Previous
About HAP: Persistent Homology
next

1. Persistent Homology of Cubical and Simplicial Complexes
An inclusion of pure cubical complexes X1 --> X2 induces a natural homology homomorphism Hn(X1,F) --> Hn(X2,F) for each positive n and any coefficient module F. Taking F to be a field, the induced homomorphism is a homomorphism of vector spaces and is completely determined by its rank P1,2.

A sequence of inclusions X1 --> X2 --> X3 --> ... --> Xk induces a sequence of homology homomorphisms which, in each degree n, determine a kxk matrix of ranks Pi,j  (where for i>j we define Pi,j=0). This matrix is referred to as the n-th persistence matrix, over the field F, for the sequence of pure cubical complexes.

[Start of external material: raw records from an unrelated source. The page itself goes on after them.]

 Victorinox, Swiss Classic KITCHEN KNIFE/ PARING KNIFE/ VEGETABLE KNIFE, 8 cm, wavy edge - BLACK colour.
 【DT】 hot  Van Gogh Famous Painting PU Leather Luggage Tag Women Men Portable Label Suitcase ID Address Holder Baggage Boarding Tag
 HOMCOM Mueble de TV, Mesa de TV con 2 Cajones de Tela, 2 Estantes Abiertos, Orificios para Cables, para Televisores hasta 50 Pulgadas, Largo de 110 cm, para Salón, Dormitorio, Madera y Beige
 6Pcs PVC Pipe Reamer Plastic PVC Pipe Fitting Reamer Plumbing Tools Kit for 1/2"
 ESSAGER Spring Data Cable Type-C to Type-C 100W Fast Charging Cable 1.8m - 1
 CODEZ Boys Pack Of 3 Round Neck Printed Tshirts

A possible scenario is that X1 is a sample from an unknown manifold M, and that each space Xi+1 is obtained by thickening Xi in some fashion. The hope is that the persistence matrices describe the shape of the manifold M from which X1 was sampled. 
Persistence matrices are particularly useful when analysing high-dimensional data since the shape of such data is hard to visualize. However, as a toy example let us consider the 2-dimensional data cloud



which, as we can see, was sampled (possibly with error) from an annulus. The following computations agree with this observation.

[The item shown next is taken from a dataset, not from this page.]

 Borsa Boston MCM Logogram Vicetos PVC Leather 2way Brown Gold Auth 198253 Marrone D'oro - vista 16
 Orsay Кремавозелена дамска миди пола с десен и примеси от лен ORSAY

The following commands produce a sequence of thickenings for this data cloud and then compute the degree 1 persistence matrix over the field of rational numbers.
gap> M:=ReadImageAsPureCubicalComplex("datacloud.eps",300);
Pure cubical complex of dimension 2.

gap> T:=ThickeningFiltration(M,10);                       
Filtered pure cubical complex of dimension 2.

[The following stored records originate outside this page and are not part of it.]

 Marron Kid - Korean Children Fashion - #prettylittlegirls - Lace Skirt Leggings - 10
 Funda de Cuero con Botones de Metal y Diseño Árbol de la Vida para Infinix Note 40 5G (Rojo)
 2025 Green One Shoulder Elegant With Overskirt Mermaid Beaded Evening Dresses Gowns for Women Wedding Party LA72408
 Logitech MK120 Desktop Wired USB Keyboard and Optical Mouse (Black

gap> P:=PersistentHomologyOfFilteredCubicalComplex(T,1);;
The persistence matrix P can be viewed as a barcode. The following command displays this barcode. The single horizontal line at the bottom of the barcode corresponds to a single persistent 1-dimensional homology. This is consistent with the data having been sampled from an annulus - a space with a single 1-dimensional hole. The various dots in the barcode correspond to homologies that arise briefly at various stages in the thickening process.
gap> BarCodeDisplay(P);



As a more realistic illustration of this approach to topological data analysis let us suppose that we have made 400 experimental observations v1, ..., v400 and that we are able to estimate some metric distance d(vi,vj) between each pair of observations. For instance, the observations might be vectors of a given length and  d(vi,vj) could be the Euclidean distance. We could then build a filtered simplicial complex K={K1<K2<...<KT} from an increasing sequence of thresholds d1<...<dT. Each term in the filtration has 400 vertices v1, ..., v400, and  Kt is determined by the threshold dt: a simplex belongs to Kt is and only if each pair of vertices in the simplex satisfies d(vi,vj) < dt . The persistent homology of the filtered simplicial complex K could provide information on the space from which our data was selected.

The following data

v1
v2
  ...
v399
v400
v1
0
66

191
137
v2
66
0

125
71
...





v399
191
125

0
54
v400
137
71

54
0
 
is contained in a symmetric matrix in the file symmetricMatrix.txt . The following commands read this matrix, compute the filtered simplicial complex, and then compute the barcodes for 0-dimensional and 1-dimensional homology. These barcodes suggest that the data points were samples from a space with the homology of a disjoint union of two circles.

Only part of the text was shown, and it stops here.